Prima la messa in riga di Prigozhin e dei suoi mercenari, poi l’arresto di Strelkov. Così il Cremlino risponde all’inedita sfida lanciata dai ‘patrioti’
Il Cremlino impone il silenzio; la narrativa può essere solo la sua; lo stesso discorso vale per le interpretazioni della storia. Ecco la ragione del clamoroso giro di vite contro gli ultranazionalisti russi dopo quelli ripetuti contro i liberali, i dissenzienti in generale e i pacifisti.
Il nervosismo, provocato dall’ammutinamento della compagnia di mercenari Wagner del 24 giugno scorso, non è passato. Mai prima di allora si era registrata una sfida così seria al potere del presidente Putin. E le conseguenze finanziario-economiche del sollevamento sono sotto gli occhi di tutti. In un mese il cambio del rublo contro euro e dollaro è crollato del 20%, tanto da costringere la Banca centrale ad alzare d’urgenza il tasso d’interesse di un punto, visto che anche l’inflazione ha rialzato la testa e la fuga di capitali è massiccia.
All’orizzonte si osservano segnali sinistri. L’opinione pubblica, ubriacata da anni di propaganda sconsiderata, ora pretende la vittoria in Ucraina. Per questo appare delusa e cerca qualcuno con cui prendersela. Prigozhin e la sua Wagner – come gli ultranazionalisti – hanno dato la colpa agli Alti comandi militari. Il Cremlino si è visto superato nella sua dialettica patriottica, quella che fa veramente breccia nella società russa. Quindi è dovuto intervenire per mettere a tacere Prigozhin e ha arrestato per “istigazione all’estremismo” l’ultranazionalista Strelkov.
Igor Girkin-Strelkov è forse il più conosciuto ultranazionalista. Nella primavera 2014, insieme ai suoi uomini, mise a soqquadro il Donbass e contribuì a fondare la “repubblica popolare di Donetsk” – separatasi da Kiev –, diventandone il ‘ministro della Difesa’. Il Tribunale internazionale dell’Aja l’ha condannato all’ergastolo per l’abbattimento del Boeing malese in cui persero la vita 298 persone nel luglio 2014.

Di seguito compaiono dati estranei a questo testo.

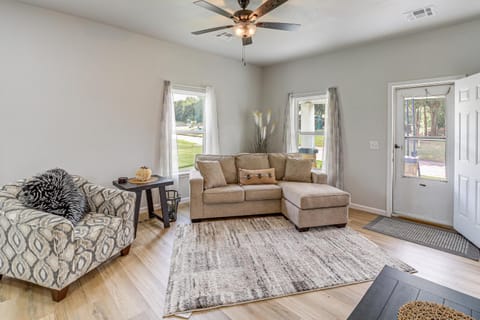 McAlester Home with Large Yard and Grill! House in McAlester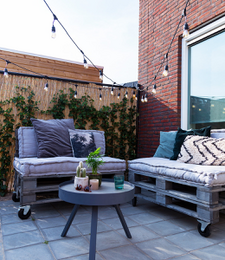 Premium terrasselys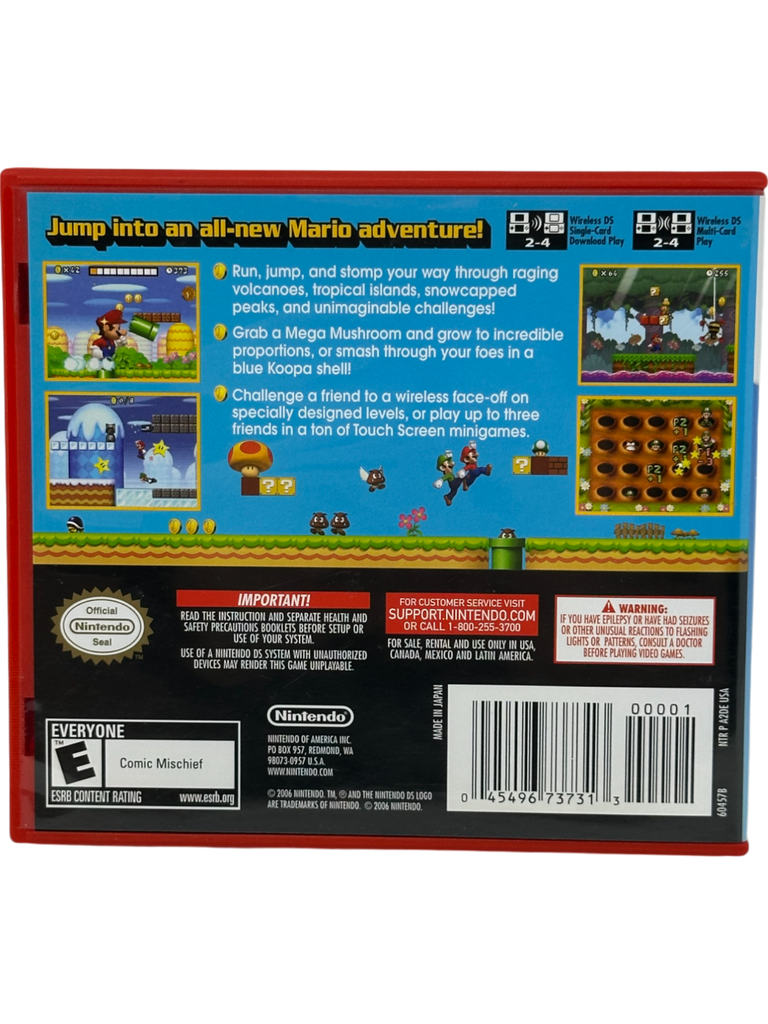 New Super Mario Bros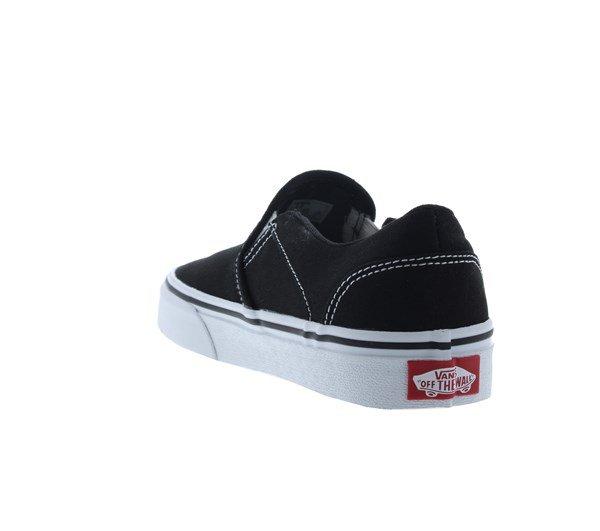Vans Asher Slip On Canvas Trainers Womens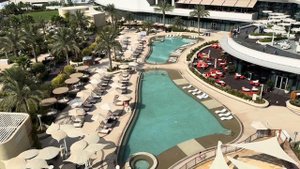 Waldorf Astoria Doha 5 * +Premium (Полный обзор: отель, номер, еда, пля?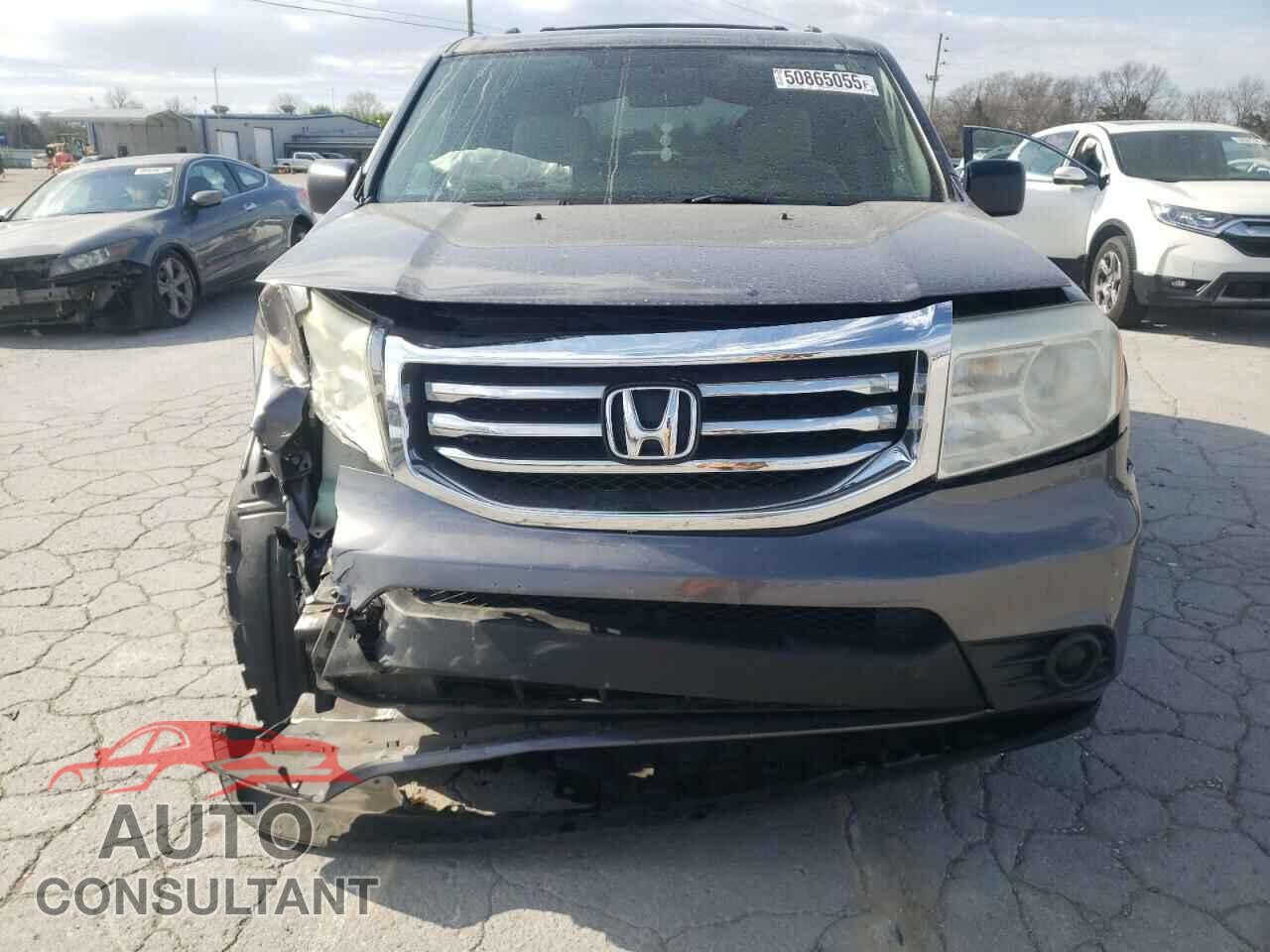 HONDA PILOT 2015 - 5FNYF3H20FB016136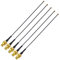 YILIANDUO Pack of 5 U.FL IPEX to SMA Female 15CM 1.13mm Pigtail Antenna Mini PCI WiFi Cable for U.FL Antenna Hand-held Radio MiNi PCI-E Card WLAN Network WiMax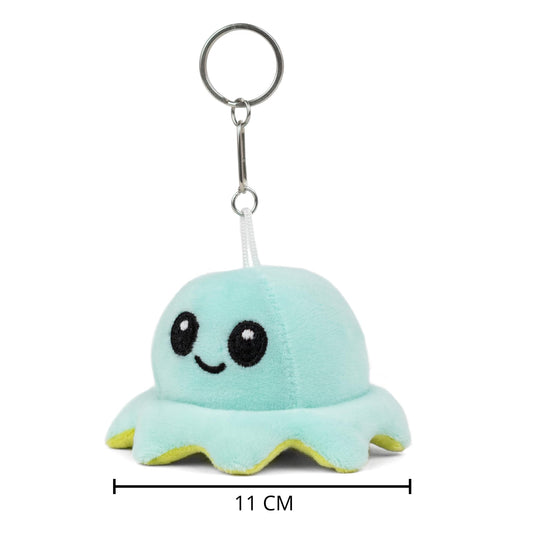 Mirada Octopus Keychain Toy - Green – 11cm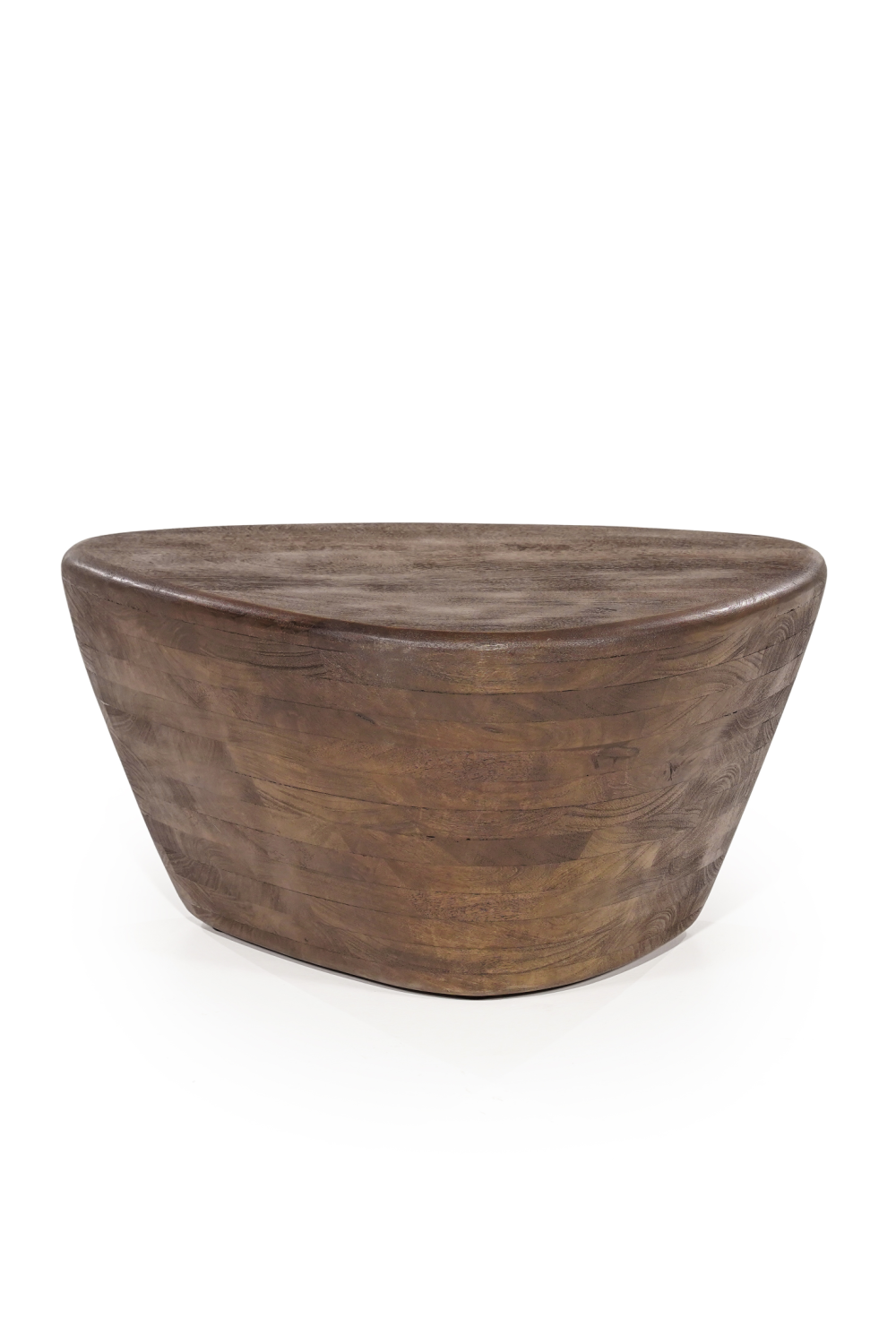 Table basse en bois de forme libre S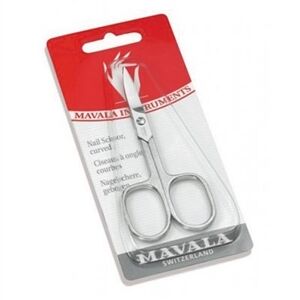 Mavala Curved Nail Scissors for Precise Trimming 1 pc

Grazie ai suoi social media, molto seguiti e con il consenso del Cremlino, Strelkov è diventato uno dei punti di riferimento dei cosiddetti “patrioti”. Quanti siano numericamente questi ‘patrioti’ nella realtà è difficile a dirsi. Il suo canale Telegram conta su 800mila sottoscrittori. Qui è comparso un messaggio in cui si lancia la campagna per la liberazione del “detenuto politico” Strelkov. Negli ultimi tempi l’ex ufficiale dei Servizi segreti russi se l’era presa sui social sia con gli Alti comandi militari russi – rei di non fare quello che si deve in Ucraina – sia con Prigozhin, con cui i rapporti sono tesi.
La settimana scorsa i suoi strali erano stati rivolti addirittura alla Presidenza della Federazione. “Il Paese – ha scritto Strelkov – non sopravviverà ad altri 6 anni di questa codarda mediocrità al potere”. Il che significa ‘no’ alla rielezione di Putin, il cui mandato scade la primavera prossima.
Senza andare troppo in là col tempo, oggi il potere non vuole soprattutto più sentire critiche contro i Comandi militari, perché queste parole avvelenate possono spaccare la società russa. Per riprendere l’iniziativa Putin ha così rilanciato la sua particolare visione del mondo, affermando che la Polonia ha ricevuto un “regalo” da Stalin nel 1945 per confini a lei convenienti. Da queste parole si comprende che la crisi psicologica russa, una delle cause della tragedia ucraina, è lungi dall’essere superata. Anzi.